ABOUT THIS EXERCISE
Starting with the line that contains "Home Espresso Coffee", repeat each line exactly through the final line of the listing. No picture should appear in the copy.

STORED DATA
###

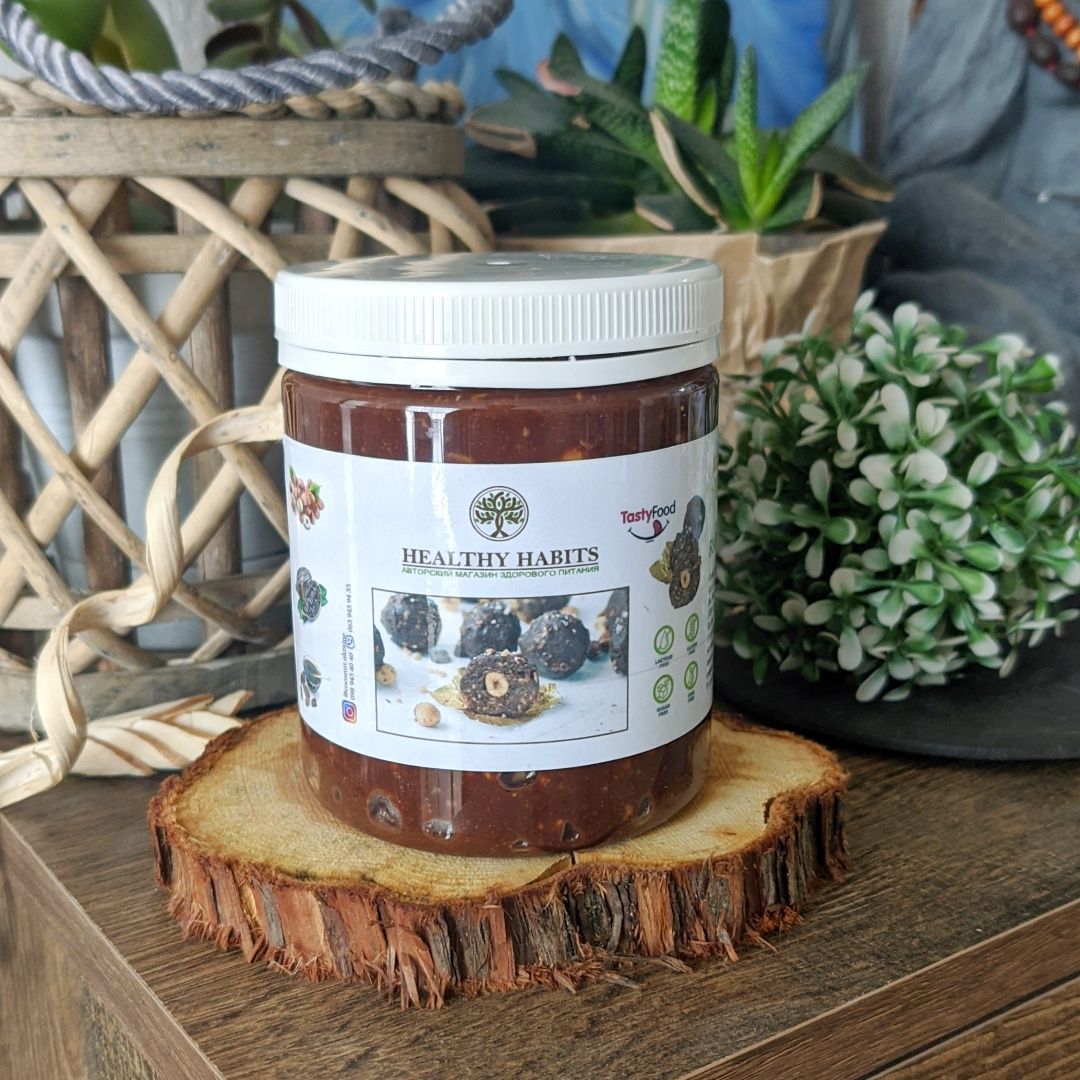 Шоколадно горіхова паста 100% натуральна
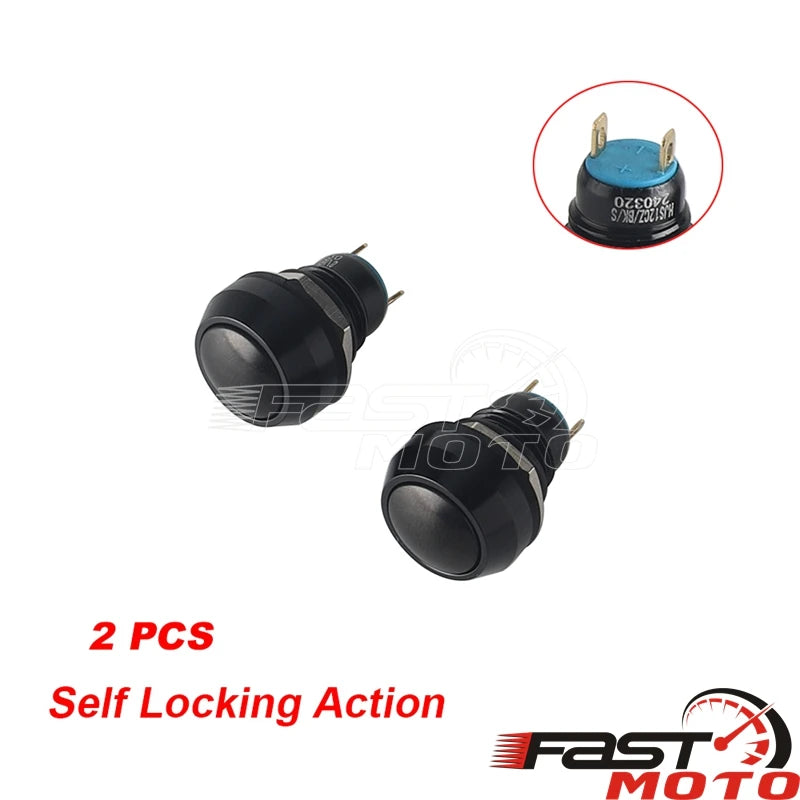 Bouton poussoir 12 mm pour Harley - vue 21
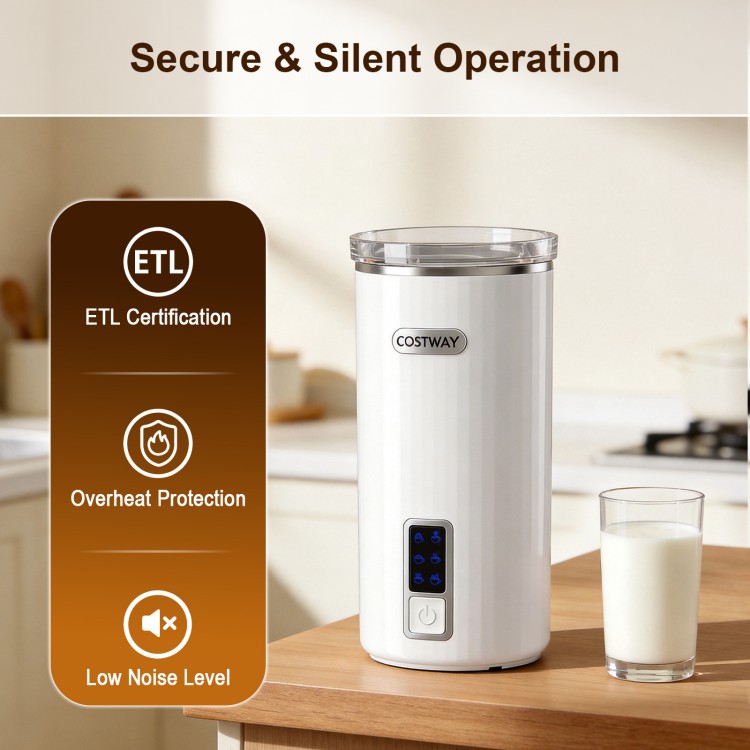 Home Espresso Coffee Station Set featuring an espresso machine, grinder, and milk frother for café-style beverages at home.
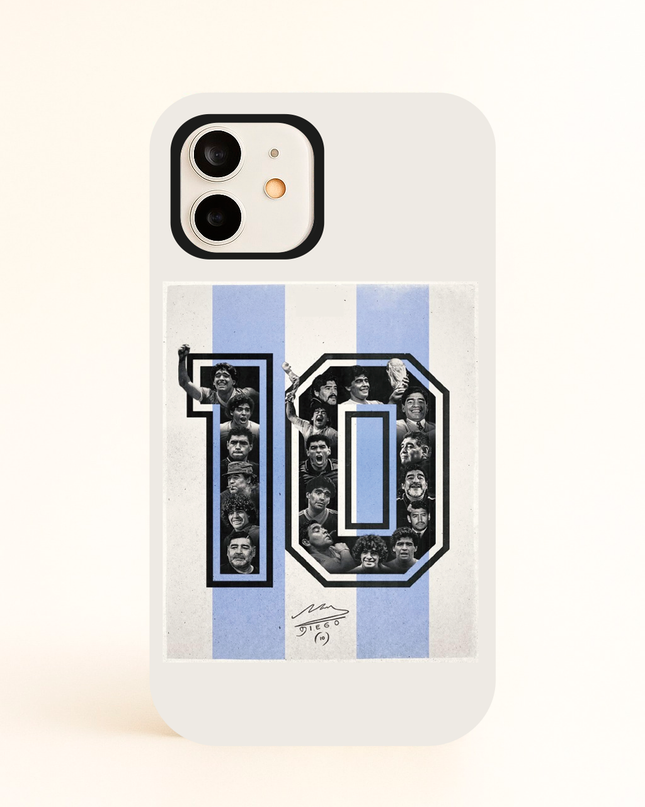 Case Antishock para celular "10"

###

SOLUTION FOR THIS TASK
 Home Espresso Coffee Station Set featuring an espresso machine, grinder, and milk frother for café-style beverages at home.
 Case Antishock para celular "10"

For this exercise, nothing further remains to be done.